**Aim of the exercise:** Any image in the records should be left out; output everything else exactly.

-------- Source material

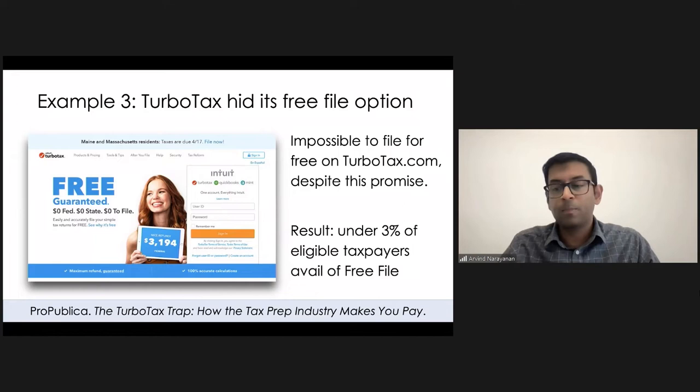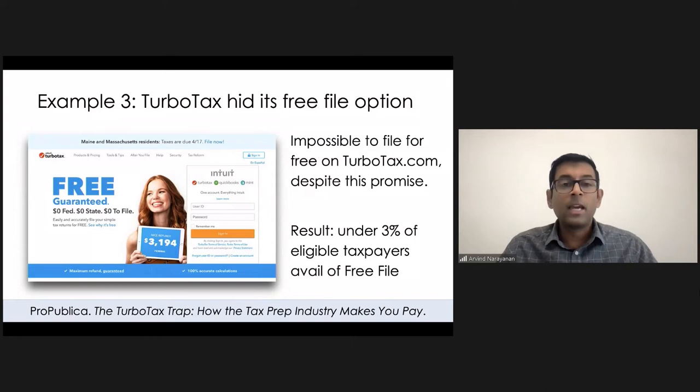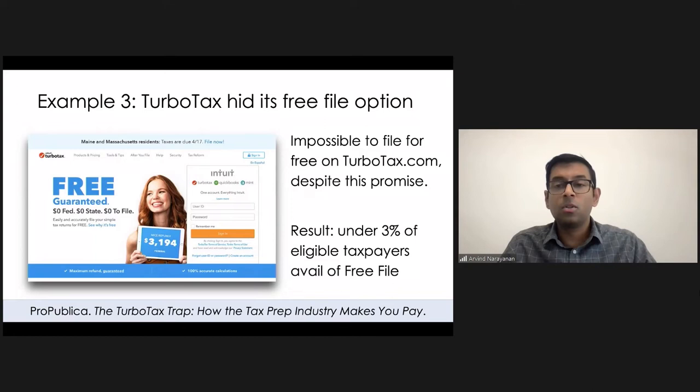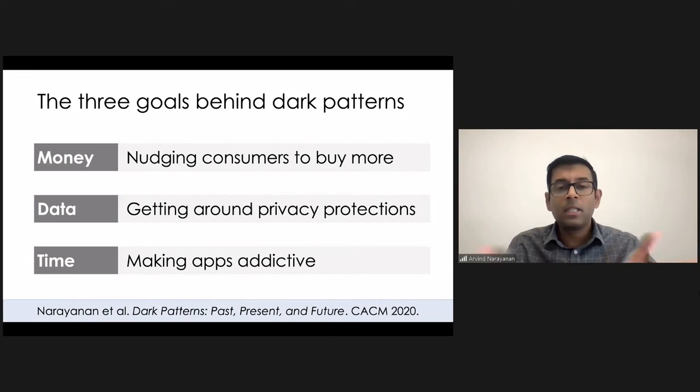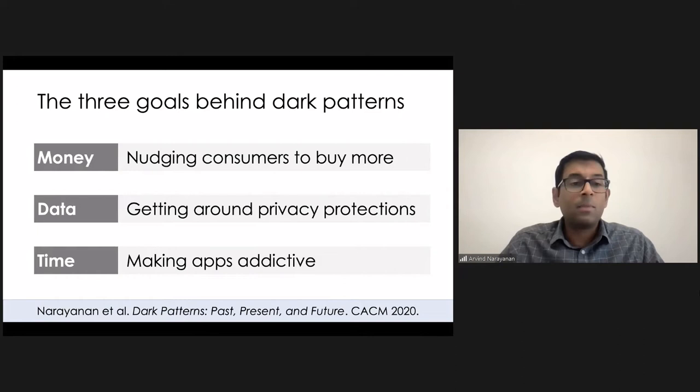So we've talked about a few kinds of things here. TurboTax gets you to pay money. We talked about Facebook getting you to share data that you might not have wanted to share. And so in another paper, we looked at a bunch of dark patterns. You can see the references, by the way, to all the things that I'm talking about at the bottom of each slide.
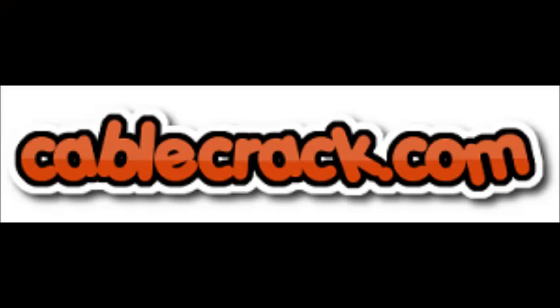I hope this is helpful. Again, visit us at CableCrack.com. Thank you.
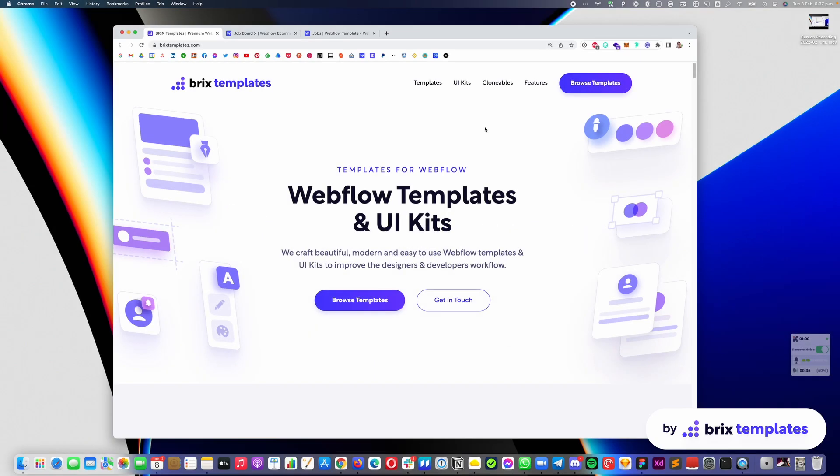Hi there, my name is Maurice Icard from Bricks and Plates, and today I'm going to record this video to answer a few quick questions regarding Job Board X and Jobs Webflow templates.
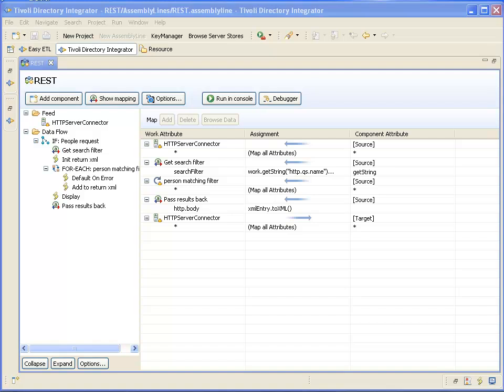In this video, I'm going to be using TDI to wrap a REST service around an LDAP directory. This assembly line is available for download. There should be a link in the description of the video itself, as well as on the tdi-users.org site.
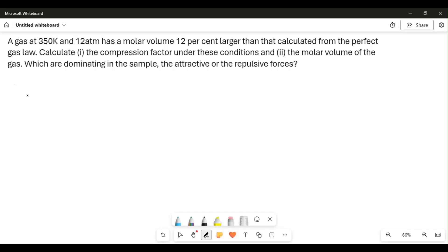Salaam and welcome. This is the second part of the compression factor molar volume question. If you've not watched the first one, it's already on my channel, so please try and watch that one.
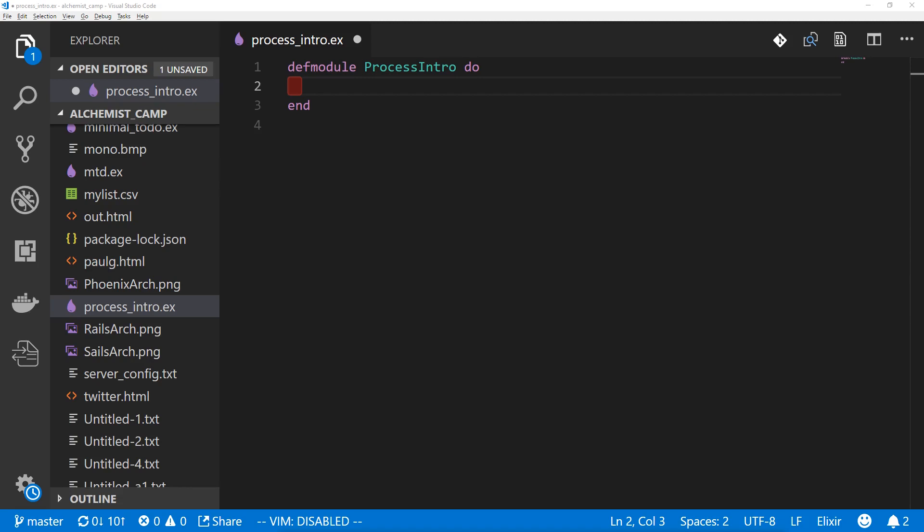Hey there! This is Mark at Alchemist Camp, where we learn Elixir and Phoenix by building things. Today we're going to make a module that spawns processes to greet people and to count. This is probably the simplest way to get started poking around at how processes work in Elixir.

----------------

**Task answer:**
So we've talked about a few kinds of things here. TurboTax gets you to pay money. We talked about Facebook getting you to share data that you might not have wanted to share. And so in another paper, we looked at a bunch of dark patterns. You can see the references, by the way, to all the things that I'm talking about at the bottom of each slide.
I hope this is helpful. Again, visit us at CableCrack.com. Thank you.
Hi there, my name is Maurice Icard from Bricks and Plates, and today I'm going to record this video to answer a few quick questions regarding Job Board X and Jobs Webflow templates.
In this video, I'm going to be using TDI to wrap a REST service around an LDAP directory. This assembly line is available for download. There should be a link in the description of the video itself, as well as on the tdi-users.org site.
Salaam and welcome. This is the second part of the compression factor molar volume question. If you've not watched the first one, it's already on my channel, so please try and watch that one.
Hey there! This is Mark at Alchemist Camp, where we learn Elixir and Phoenix by building things. Today we're going to make a module that spawns processes to greet people and to count. This is probably the simplest way to get started poking around at how processes work in Elixir.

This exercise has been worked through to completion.